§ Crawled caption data
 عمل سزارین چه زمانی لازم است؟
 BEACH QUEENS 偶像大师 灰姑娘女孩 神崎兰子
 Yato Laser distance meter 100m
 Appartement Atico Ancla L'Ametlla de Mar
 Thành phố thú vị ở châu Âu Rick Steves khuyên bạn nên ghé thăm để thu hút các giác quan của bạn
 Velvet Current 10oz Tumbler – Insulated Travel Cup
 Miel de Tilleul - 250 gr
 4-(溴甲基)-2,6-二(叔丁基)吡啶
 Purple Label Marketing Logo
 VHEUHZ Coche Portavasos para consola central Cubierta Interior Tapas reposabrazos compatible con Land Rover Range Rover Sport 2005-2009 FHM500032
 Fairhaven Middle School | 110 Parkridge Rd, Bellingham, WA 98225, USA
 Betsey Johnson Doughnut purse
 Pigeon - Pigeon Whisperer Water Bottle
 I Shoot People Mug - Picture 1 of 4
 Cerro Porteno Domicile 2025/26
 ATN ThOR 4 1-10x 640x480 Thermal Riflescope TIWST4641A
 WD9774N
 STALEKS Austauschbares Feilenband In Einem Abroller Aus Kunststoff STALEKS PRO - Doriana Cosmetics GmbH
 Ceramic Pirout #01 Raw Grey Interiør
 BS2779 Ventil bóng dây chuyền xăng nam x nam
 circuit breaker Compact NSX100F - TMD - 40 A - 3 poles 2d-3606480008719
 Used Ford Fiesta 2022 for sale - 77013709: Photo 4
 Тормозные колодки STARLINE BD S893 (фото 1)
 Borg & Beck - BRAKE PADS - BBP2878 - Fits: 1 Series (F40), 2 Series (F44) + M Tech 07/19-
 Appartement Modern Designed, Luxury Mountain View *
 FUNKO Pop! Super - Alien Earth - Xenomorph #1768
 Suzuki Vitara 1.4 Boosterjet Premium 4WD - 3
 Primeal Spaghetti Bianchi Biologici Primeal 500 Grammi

§ Exercise
Give the number of lines in the entries above that include the string "Appartement". Write nothing but that number.

§ Written response
2